Pohjanen estaba con la mano de la mujer en la suya sonriendo por dentro.

«Por eso me gusta trabajar con él», pensó Anna-Maria del forense. Todavía le parece jodidamente divertido. Cuanto más difícil y complicado, mejor.

Notó, con cierto remordimiento, que lo estaba comparando con Sven-Erik.

«Pero Sven-Erik está tan apático —se defendió a sí misma—. ¿Y qué puedo hacer yo? Tengo bastante con insuflar entusiasmo a los críos de mi casa».

Tomaron el café en la sala de fumadores.
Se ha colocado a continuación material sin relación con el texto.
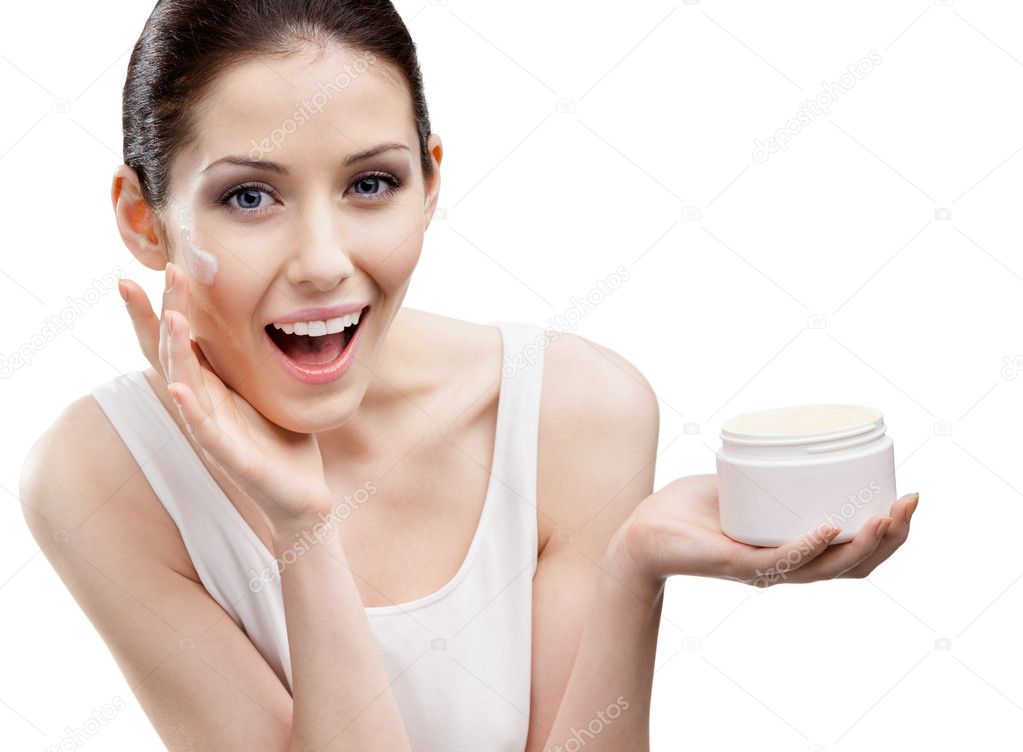 Woman putting on emollient cream from container on face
Pohjanen encendió un cigarrillo, sin darse por enterado de la mirada que le echó Anna Granlund.

—Lo raro es lo de la lengua —dijo Anna-Maria—. Decías que suele ocurrir cuando hay un shock, ¿no? Y esta marca tan extraña alrededor del tobillo… Pero la cuchillada le atravesó la ropa así que, ¿iba vestida cuando la mataron?

—Aunque no creo que hubiera salido a entrenar —dijo Anna Granlund—. ¿Has visto el sujetador?

—No.

—Puro lujo. Puntillas y arco. Aubade, es una marca cara de cojones.

—¿Cómo lo sabes tú?

—Una se permitía ciertas cosas en aquellos tiempos en que había esperanza.

—Así que ¿nada de sujetador de deporte?

—Realmente, no.

—Si como mínimo supiéramos quién era —dijo Anna-Maria Mella.

—A mí me parece conocida —respondió Anna Granlund.

Anna-Maria se irguió en su asiento.

—Eso le parece también a Sven-Erik —exclamó—. ¡Intenta recordar! ¿En Konsum? ¿En el dentista? ¿De Gran Hermano?

Anna Granlund sacudió la cabeza mientras pensaba.

Lars Pohjanen apagó el cigarrillo.

—Ahora vete a molestar a otro —le dijo—. Un poco más tarde la abriré y así veremos si podemos definir a qué se debe la herida en forma de cinta que tiene en el tobillo.

—¿A quién puedo ir a molestar? —se quejó Anna-Maria—. A las siete menos veinte de un domingo por la mañana. Sólo vosotros estáis en pie.

—Pues perfecto —dijo Pohjanen seco—. Así tendrás el placer de despertarlos a todos.

—Sí —dijo seriamente Anna-Maria—. Eso es lo que voy a hacer.